Computer Modeling Evaluation of Best Management Practices

Chapter 10-Economics and Application, No. 1, August-September 1985

Dryland farming areas in the semiarid region of the Snake River Basin of southeastern Idaho have suffered substantial losses of topsoil since farming began in the area. In the predominant wheat-fallow rotation under conventional tillage, the soil is left unprotected from erosion much of the time with little or no surface residue. Surface runoff from snowmelt and intense rainstorms results in an average soil loss of 8 tons per acre on over 40 percent of the region.

Best Management Practices (BMPs) such as crop residue management (minimum tillage), contour strip cropping, terracing and grassed waterways are among the soil conservation practices which have been used in this region.
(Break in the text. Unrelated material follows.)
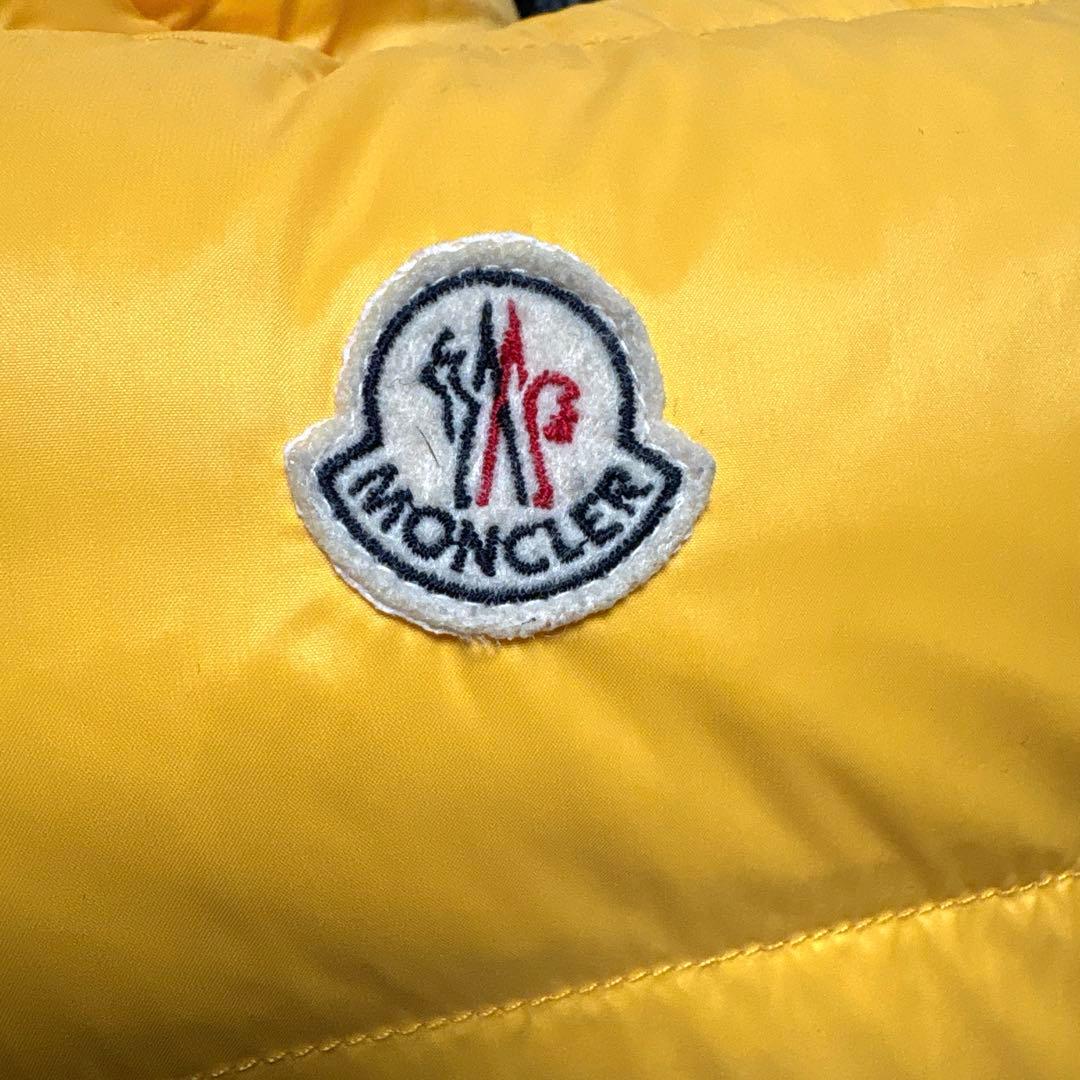 MONCLER モンクレール ダウンベスト イエロー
A computer modeling study was used to evaluate the effectiveness of these four BMPs and their impact on farm net returns in four southeastern Idaho counties: Bannock, Power, Oneida and Cassia. The study was conducted by Marie Powell, former research associate, and Edgar Michalson, STEEP researcher and agricultural economist, both in the University of Idaho Department of Agricultural Economics and Rural Sociology, Moscow. The results were published this year in University of Idaho Agricultural Experiment Station Bulletin 639, An Evaluation of Best Management Practices on Dryland Farms in the Lower Portion of the Upper Snake River Basin of Southeastern Idaho.

Fundamental data for the study were from an interview survey of 95 farmers in the Snake River Basin in 1979. Technical data on the BMPs were provided by the USDA-SCS and ARS. Computer modeling analysis included linear programming, enterprise budgeting and field tillage simulation.
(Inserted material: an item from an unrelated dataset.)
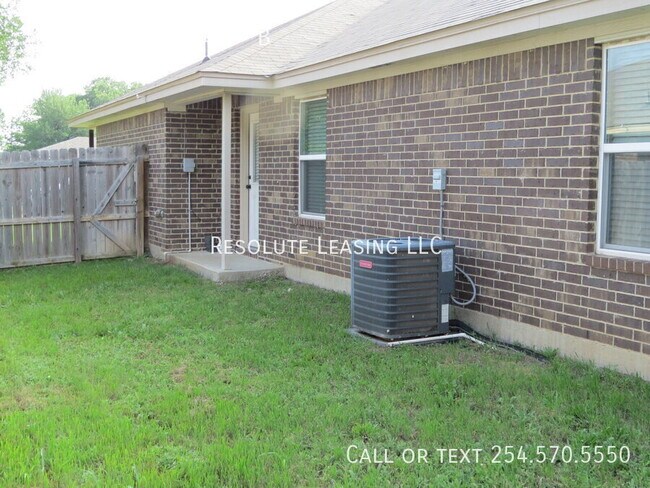 Building Photo - 1409 Natchez Trail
The models evaluated the BMPs in a fallow-winter wheat-spring barley rotation for three farm sizes: 500, 1,300 and 2,700 acres, Soil losses on the three farm sizes without any soil erosion control practices averaged 6.4 tons per acre. To reduce soil loss to 3.5 to 4 tons per acre, the most economical BMP to achieve that level of erosion control was crop residue management, followed by a combination of residue management and strip cropping. For the lowest soil loss restriction of about 2.3 tons per acre, all of the four BMPs were used.

Crop residue management had the lowest average per acre cost followed in increasing order by strip cropping, terracing and grass waterways, With no assumption of increased yields from the BMPs, cutting soil loss to 3.5 to 4 tons per acre on the three farm sizes reduced short-term farm net returns an average of 6 percent. With all BMPs utilized to achieve the 2.3 tons per acre soil loss limit, the average decrease in net return to the three farms was 36 percent when no yield increases were assumed.

To help offset the costs of the BMPs, increased soil water storage with crop residue management, strip cropping and terraces would increase yield potential. Use of the practices would then increase net returns compared to not using any BMPs. In the long run, farm income would also be improved as related to the amount of soil saved. The value of long-term protection and improvement of soil productivity must be considered in these management decisions. A similar study is underway on the higher rainfall (eastern) portion of the Upper Snake River Basin.